# SUPPLIED INFORMATION
BEGIN
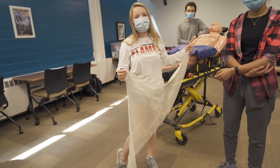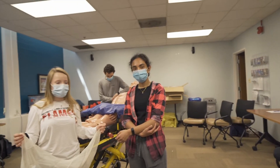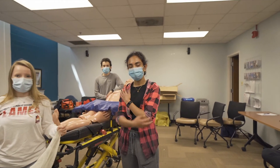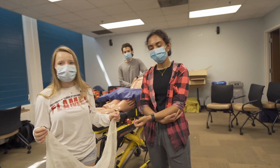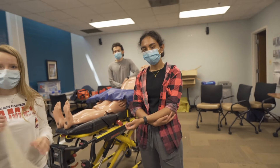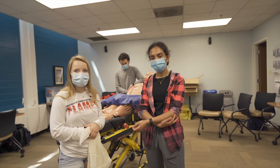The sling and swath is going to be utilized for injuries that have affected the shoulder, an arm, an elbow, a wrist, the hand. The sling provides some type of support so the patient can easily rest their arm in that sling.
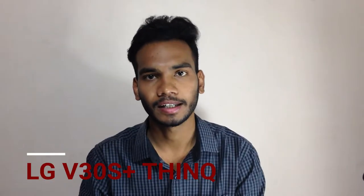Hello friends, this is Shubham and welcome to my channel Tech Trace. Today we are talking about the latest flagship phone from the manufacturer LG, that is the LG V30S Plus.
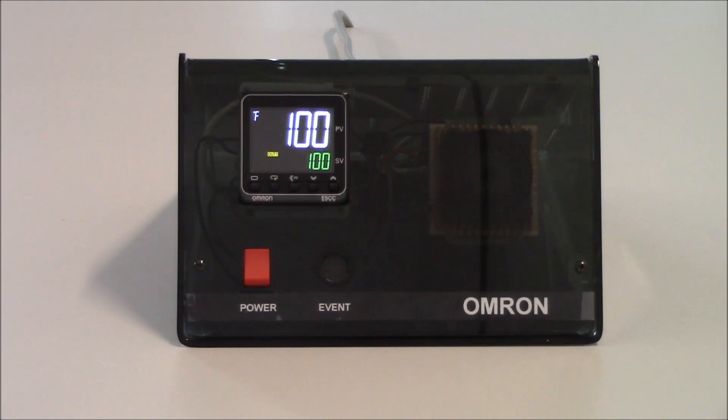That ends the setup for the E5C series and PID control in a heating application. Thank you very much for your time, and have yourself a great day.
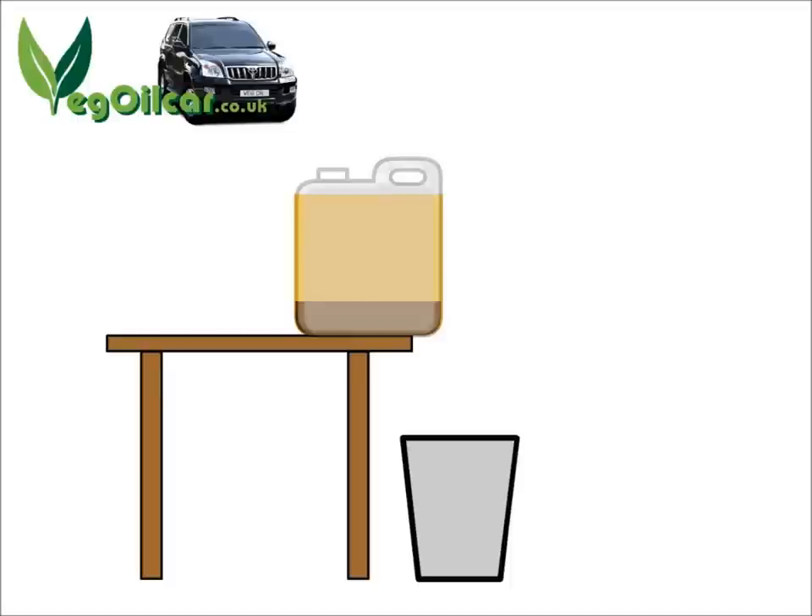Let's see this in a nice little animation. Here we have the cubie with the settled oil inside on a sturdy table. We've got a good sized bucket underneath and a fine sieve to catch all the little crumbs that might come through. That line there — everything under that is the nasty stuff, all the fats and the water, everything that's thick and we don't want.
END
# ACTIVITY
For the material above, repeat each line exactly and leave out the pictures.

# EXERCISE SOLUTION
The sling and swath is going to be utilized for injuries that have affected the shoulder, an arm, an elbow, a wrist, the hand. The sling provides some type of support so the patient can easily rest their arm in that sling.
Hello friends, this is Shubham and welcome to my channel Tech Trace. Today we are talking about the latest flagship phone from the manufacturer LG, that is the LG V30S Plus.
That ends the setup for the E5C series and PID control in a heating application. Thank you very much for your time, and have yourself a great day.
Let's see this in a nice little animation. Here we have the cubie with the settled oil inside on a sturdy table. We've got a good sized bucket underneath and a fine sieve to catch all the little crumbs that might come through. That line there — everything under that is the nasty stuff, all the fats and the water, everything that's thick and we don't want.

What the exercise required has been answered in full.